Friends and others who have learned Torah Tanach Bible with me over the years, or has it already been decades, know that I tend to notice what others don't. Rarely a teacher much more scholarly than myself will say that one of the sages chazal wrote something similar, but usually my "inspirations" are met with various forms of incredulity. I guess my mind works very differently from most. And I wasn't raised on the usual "sipurei Torah," Torah stories a mishmash of drash commentaries frequently far removed from the pshat actual text of the Torah Tanach Bible.
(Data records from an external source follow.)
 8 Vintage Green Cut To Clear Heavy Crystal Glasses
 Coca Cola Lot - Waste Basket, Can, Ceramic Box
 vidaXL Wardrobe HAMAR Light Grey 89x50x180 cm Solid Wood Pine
Recent Torah Portions of the Week, Parshat Shavua, have mentioned the special coat that Jacob gave his favorite son Josef, the first born of his favorite wife, Rachel. This coat caused terrible jealousy among Josef's ten older brothers, and Josef had no clue as how to lower the tension. Actually, neither did Jacob. That coat became a symbol of the hatred between the brothers, and it was brought all bloodied to Jacob after the older brothers sold Josef to Egyptian merchants.
Compare that robe, the one Jacob gave Josef and the one (actually many) Hannah gave Samuel. Jacob gave one that didn't "fit" causing problems, while Hannah gave Samuel, whom she had sent to "study" with Eli the High Priest in Shiloh, a new one each year to suit his "size."
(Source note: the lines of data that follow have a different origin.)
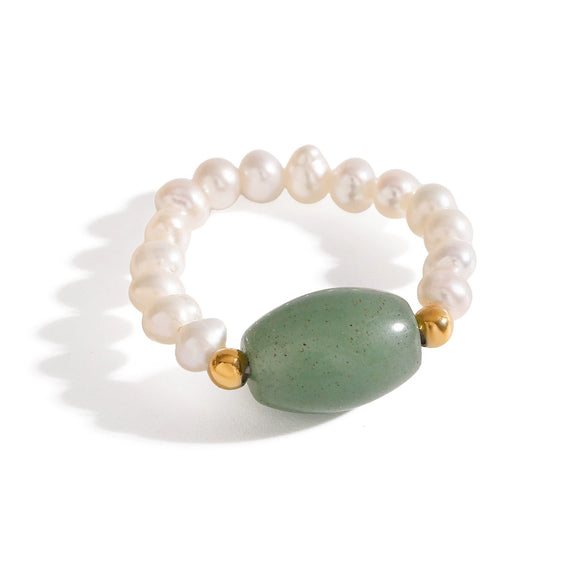 Stainless Steel Natural Stone Pearl Geometric Finger Ring With Electroplating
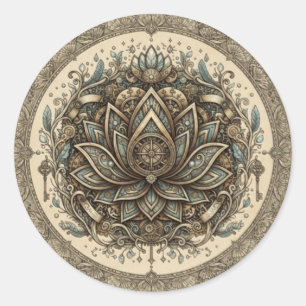 Sticker Rond Mandala de lotus sacré Art spirituel vintage
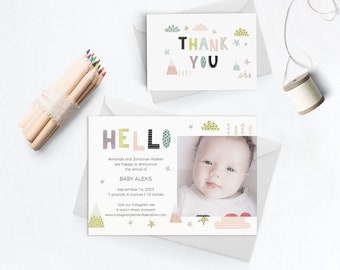 greenery birth announcements invitations kit template birth etsy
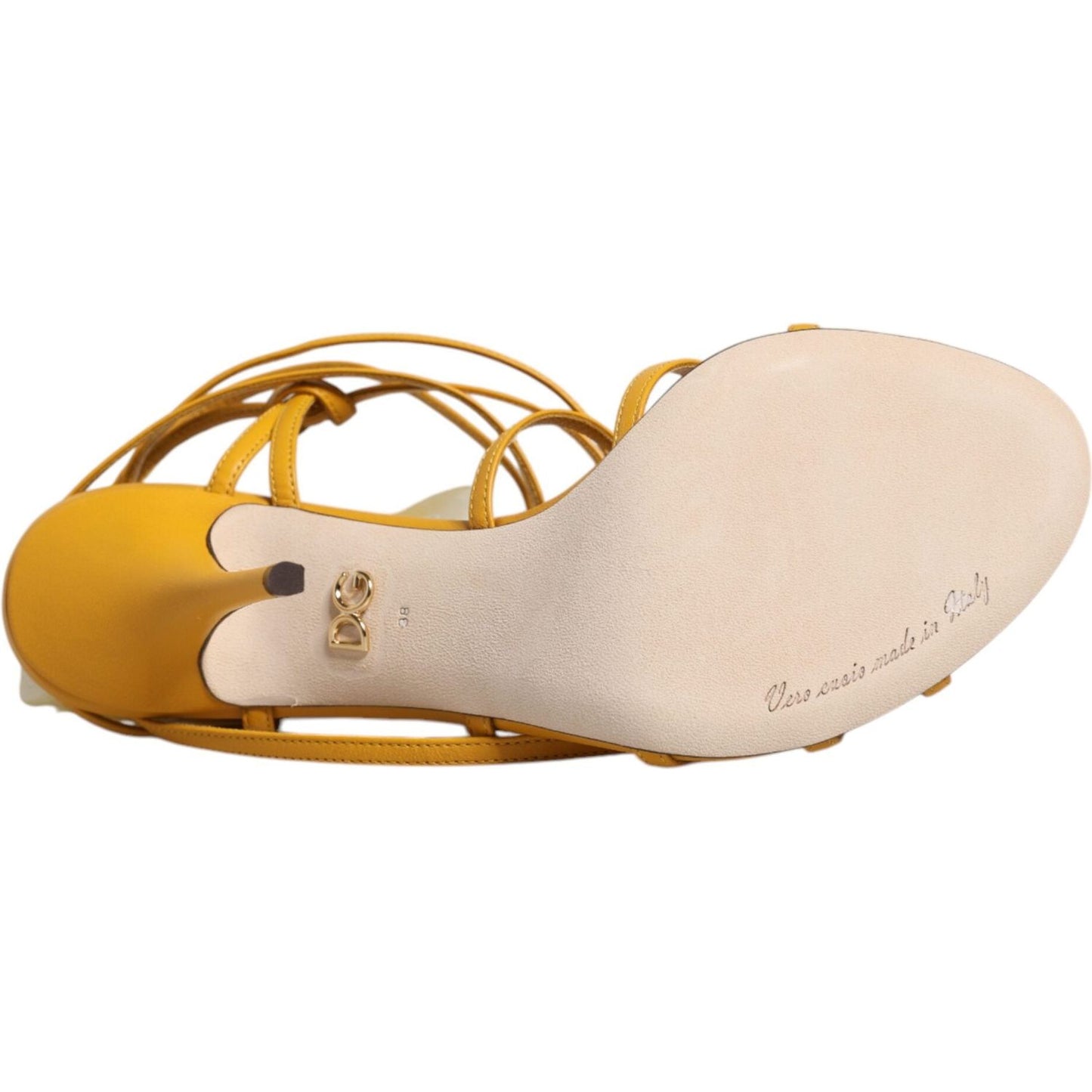 Dolce & Gabbana Yellow Flower Applique Keira Sandals Shoes Dolce & Gabbana Wheat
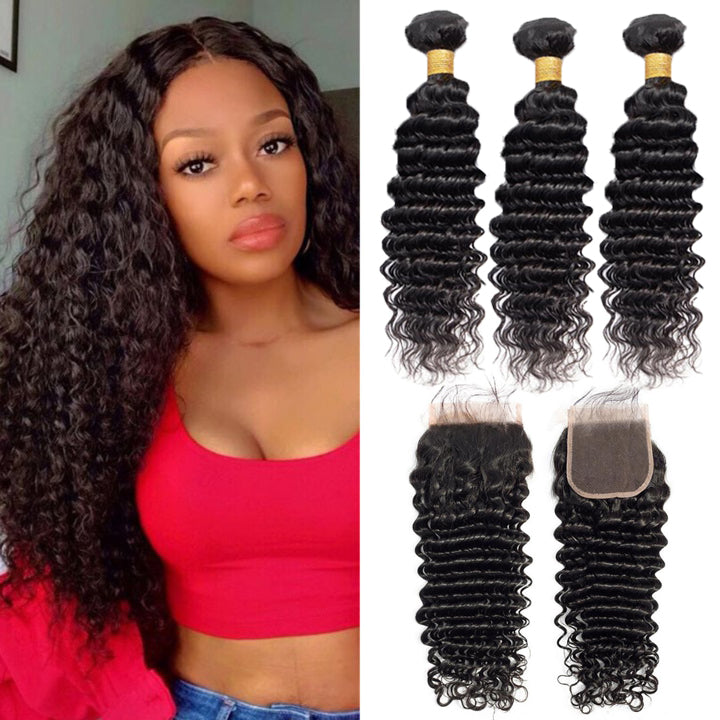 Brazilian 1B/27 Loose Deep Wave Hair 3 Bundles With Lace Closure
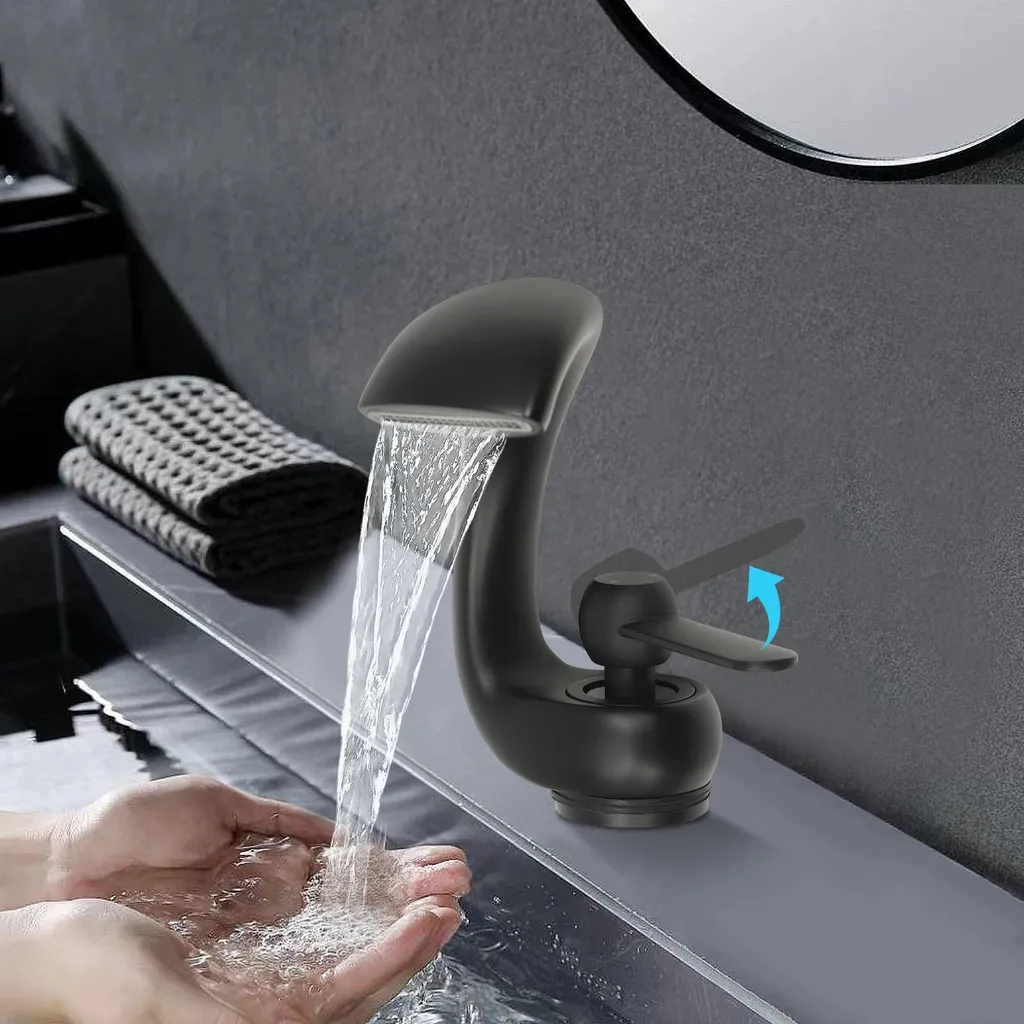 Rubinetto Bagno Nero A Cascata, Miscelatore Monocomando Cromato Con Tirante, Universale, Acciaio Inox 304 - 5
I picture Hannah teaching her precious son each year when she visited him in Shiloh. Not only was each new robe the correct size for Samuel, but her instructions suited his age and development. That's how Samuel became the great leader, Samuel the Prophet, who was privileged to anoint the first two kings of the Jewish Nations, Saul and David.
Food for thought. What do you think?